The benefits of HEMS – more evidence!

This post was prompted by two new studies about the benefits of HEMS. For those of you with short attention spans, I’ll give a one-liner on each study then describe them more thoroughly later on.

  1. U.S database study: among severely injured trauma patients (Injury Severity Score >16), HEMS is associated with improved survival rates 
  2. Dutch database study: Reduced mortality among polytrauma patients especially those with abnormal vital signs

The debate surrounding the benefit of patient-oriented outcomes for HEMS is nothing new.  In much of the world, HEMS (helicopter emergency medical services) includes physicians on board the helicopter though in North America often HEMS clinicians are advanced care paramedics. In each country, different models exist and as a result extrapolating findings to our setting is difficult.

One of our BK's that we fly at ARHT

One of our BK’s that we fly at ARHT

It’s easy to imagine that that HEMS (with or without a physician on board) benefits our patients. We bring highly trained clinicians to a scene where we can perform advanced interventions and then rapidly transport the patient to hospital for definitive care. However, studies have demonstrated variable results regarding patient outcomes with HEMS. These differences are undoubtedly affected by the variability amongst HEMS systems around the world. Each HEMS group operates with different thresholds for activation, variable relationships with the local land EMS and then there are a range of geographic and patient characteristics that will affect patient outcomes.

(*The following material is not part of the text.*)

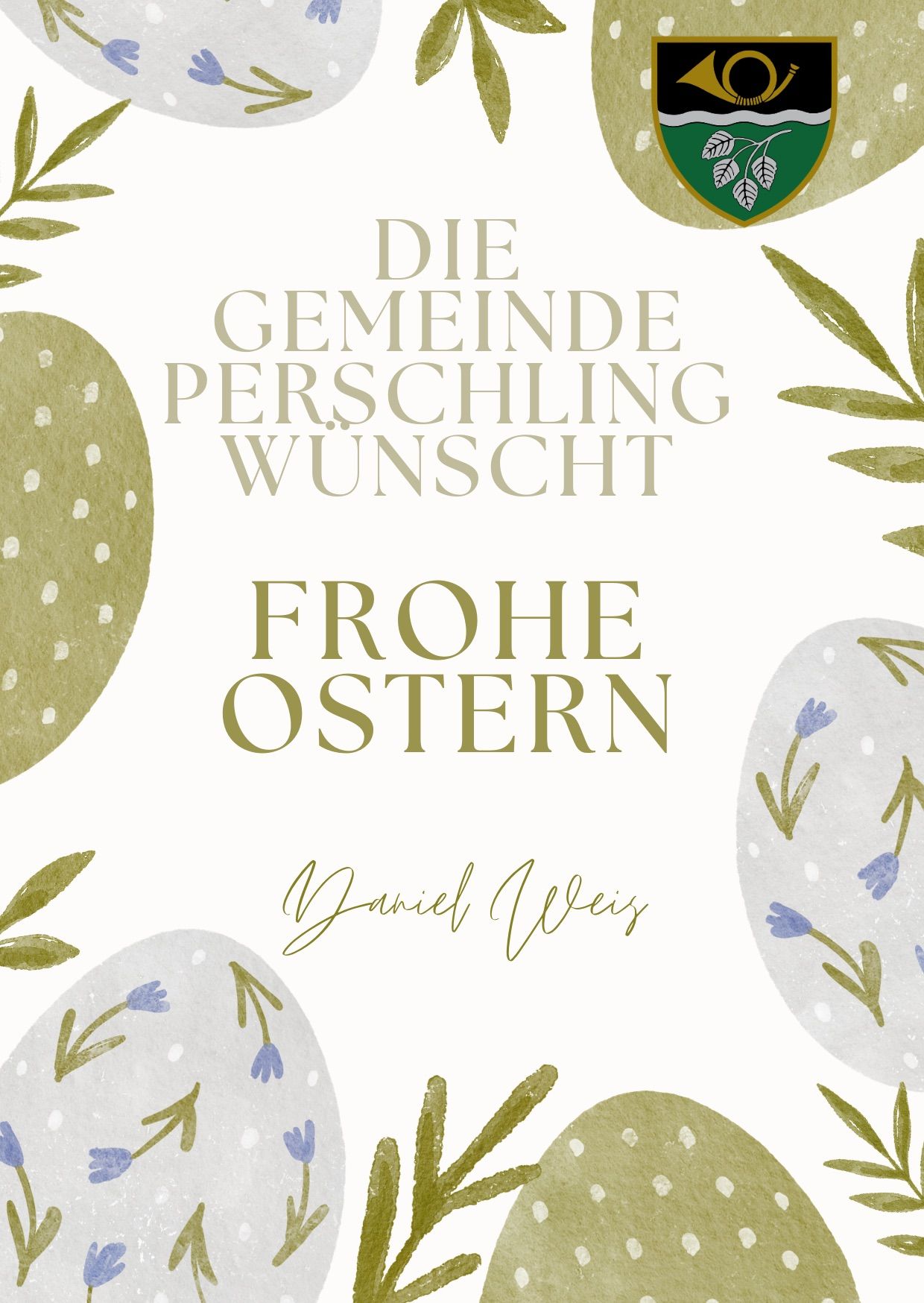 Die Gemeinde Perschling wünscht frohe Ostern. Das Cover zeigt ein Osterei mit grünem Rand und gepunktetem Muster. Die Worte 'Die Gemeinde Perschling wünscht Frohe Ostern' sind in goldener Schrift. Die Unterschrift 'Daniel Weis' ist grün.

I mentioned above two recent studies that provide additional evidence into the benefits of HEMS. I’ll focus on the Dutch study from the European Journal of Emergency Medicine primarily. They included a consecutive cohort of trauma patients that either HEMS or land EMS responded. It’s not  They used some fancy statistics to calculate lives saved due to HEMS response. It would have been nice to have a more detailed description about their setting as it would allow for more robust comparisons to other centres. It should be noted they had <5% penetrating trauma in their population. It’s unclear how this impacts the statistics but likely critically ill patients who suffered penetrating trauma should be transported to hospital quickly since operative management is likely to be required. They also intubated a large number of their patients when HEMS was on scene (58%). This number was quite surprising. In our setting, we would intubate <10%. Again, whether they have an standard operating procedure or set of criteria for intubation – it would have been good for some discussion about this.

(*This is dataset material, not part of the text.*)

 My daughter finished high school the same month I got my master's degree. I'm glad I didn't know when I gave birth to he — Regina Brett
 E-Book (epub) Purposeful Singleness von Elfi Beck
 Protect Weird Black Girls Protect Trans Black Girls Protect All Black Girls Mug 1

They had fairly reasonable scene times as well. While I don’t think scene times are as important as sometimes they’re made to be especially when necessary interventions are being performed, they at least didn’t spend hours on scene! Interestingly, when we compare the EMS vs. HEMS pre-hospital time there was a 7min difference (42min vs 49min). This is almost entirely accounted for by the extra 7 min that HEMS spends on scene. The authors describe short transport times which suggests that if there truly is a HEMS survival advantage then this isn’t the result of faster transport.

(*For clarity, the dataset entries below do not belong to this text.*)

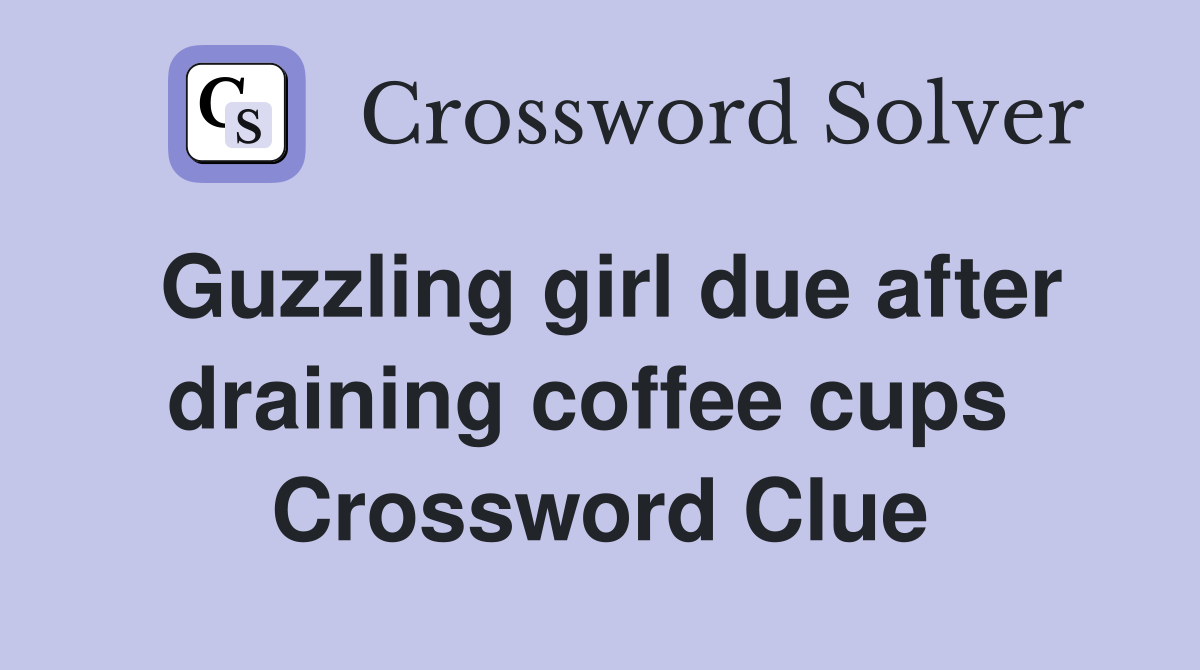 Guzzling girl due after draining coffee cups  Crossword Clue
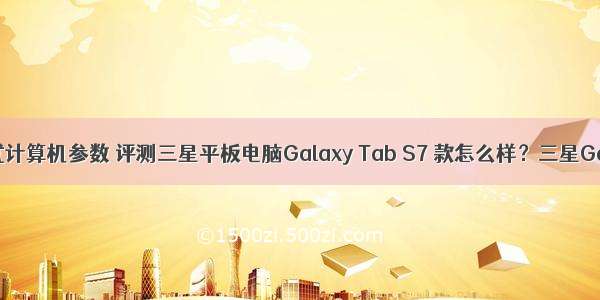 三星台式计算机参数 评测三星平板电脑Galaxy Tab S7 款怎么样？三星Galaxy T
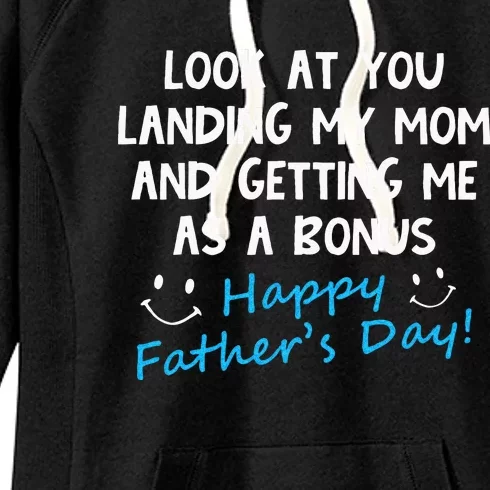 Funny Look At You Landing My Mom Getting Me As A Bonus Dad Women's Fleece Hoodie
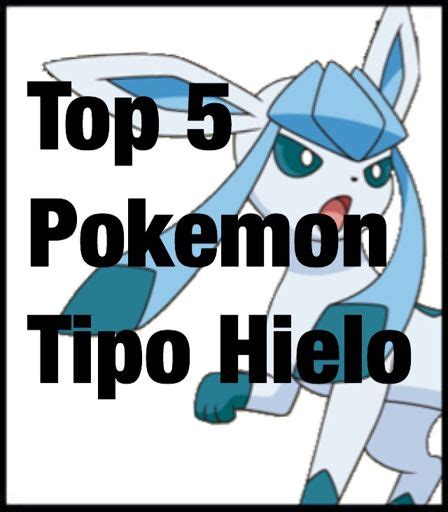 Top 5 Pokemon Tipo Hielo •pokémon• En Español Amino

In the U.S study, which has a very different EMS system, they found survival benefit among the most seriously injured trauma patients. I believe there weren’t physicians part of the U.S HEMS model but they probably had advanced care paramedics. Unfortunately the study doesn’t describe the system well. Nonetheless, again using some statistics to account for injury severity, HEMS in the U.S appears to benefit sick patients with altered physiology. It is challenging to interpret U.S data as there’s considerable heterogeneity and financial drivers for HEMS use.

Ultimately we need more prospective data that isn’t fraught with the challenges of using retrospective data – each of these above studies suffer from these limitations. However, there is an emerging trend that HEMS benefits severely injured patients and more importantly, this could be independent of the transport time benefits. This is growing evidence that HEMS is not just an expensive, fast taxi service. Instead, improved patient outcomes may be the result of better clinical expertise brought to the scene.